Ingredients for 4 servings:
- 250 g flour
- 3 eggs
- ½ liter of milk
- 60 g butter
- 40 g flour
- 0.38 liters of milk
- ¼ liter broth
- 150 g herb cream cheese
- e.g. salt and pepper
- n. B. Nutmeg
- e.g. parsley, fresh
- 500 g mushrooms
- 6 slices of cooked ham
- e.g. Parmesan, grated
Instructions
Working time approx. 1 hour; Cooking/baking time approx. 50 minutes; Total time approx. 1 hour 50 minutes
needs some time
Mix the first 3 ingredients into a batter and fry 6 pancakes in batches in a hot pan. Now heat 40g of the butter. Stir in the flour and deglaze with 1/4 l of the milk and the stock. Melt the herb cream cheese in it and season to taste. Wash, chop and stir in the parsley. Slice the mushrooms and sauté in the remaining butter. Pour half of the sauce into a bowl and mix in the mushrooms.
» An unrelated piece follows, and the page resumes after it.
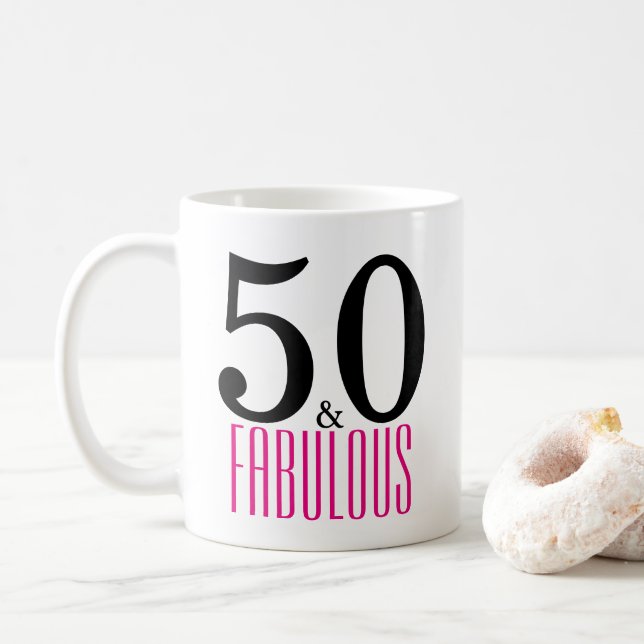 Cute 50 and Fabulous Birthday Gift Mug Pink/Black (With Donut)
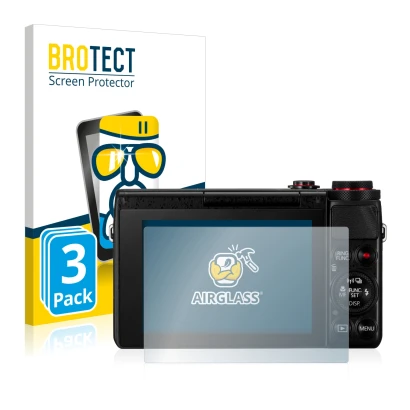 Vorderseite einer Produktverpackung mit dem Markenlogo BROTECT. Daneben ist das Gerät Canon PowerShot G7 X G7X mit dem zugehör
Stir the remaining milk into the other half. Place a slice of cooked ham on each pancake (you can also omit this) and spread the mushroom sauce on top. Roll up and cut into slices about 3-4 cm thick. Place in an ovenproof dish, spread the remaining sauce on top and sprinkle with Parmesan cheese. Bake in a hot oven at 200°C (top/bottom heat) for about 30 minutes until golden brown.